Premier Inn: congratulations to you! For the a potential small gain from a premium rate call, you just have thrown out the window 500 pounds of real revenue (plus potential future business, because I’m sure you understand I don’t consider you first the next time I need a meeting or hotel room). Very good business model!!

I have just been told I have to pay 13p per minute and after listening to some music for 2 minutes was informed that the staff in Canterbury were too busy right now and I should call back later or visit the website……..
Travelodge for me then!
Thanks Travellodge

Premier Inn Twigworth hotel, as listed in the webpage below, list a 0871 number. Pressing the “Contact us” at the bottom of the page, eventually displays a 033 number.


The non-chargable number is 01452 228493, as found on http://www.saynoto0870.com/numbersearch.php and verified by me.

This comment was removed at the request of the user

kjomie says:
14 July 2017

Premier Inn has reverted to using costly 0871 number for contact, no alternative available.

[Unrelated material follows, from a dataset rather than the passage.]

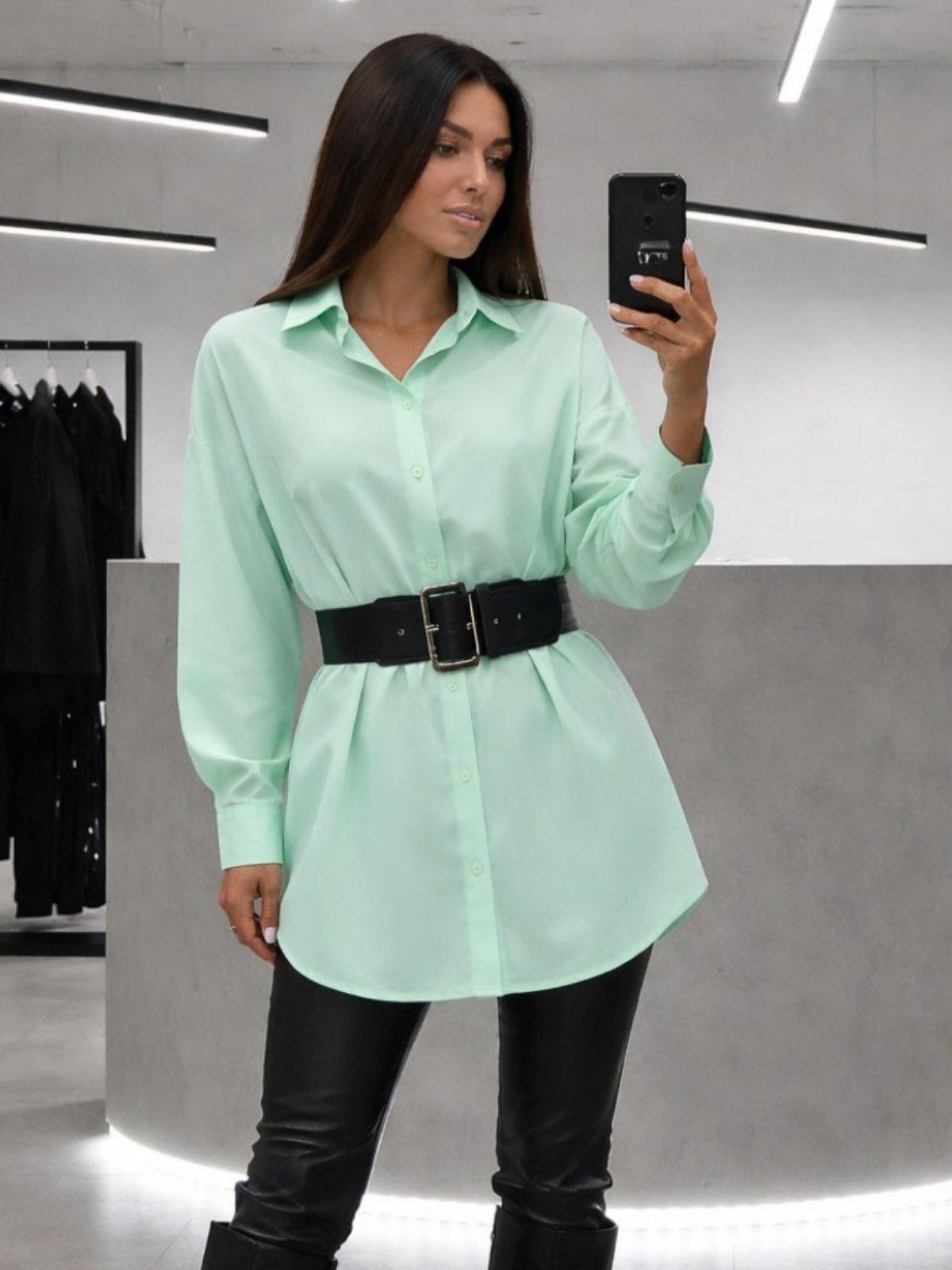 IVERI Кошула минт свилена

Premier inn is still publicising the 0871 on their website ; http://www.premierinn.com/gb/en/hotels/england/county-durham/durham/durham-city-centre.html

Saynoto0870 shows the non 0871 number as 0191 374 4400 & I can confirm that’s correct.

Andy Wells says:
18 September 2017

September 2017 – still advertising 0871 numbers, I have just spent a total of 35 minutes waiting to query a bill with them, at 13p a minute plus phone charges; it’s disgraceful. Email states they will get back to me in 14 days. Very poor service. Ironically I’m phoning them to try and pay, as they neglected to take a payment when we booked in, or out – I’ll e-mail them and see how long it takes to get back to me!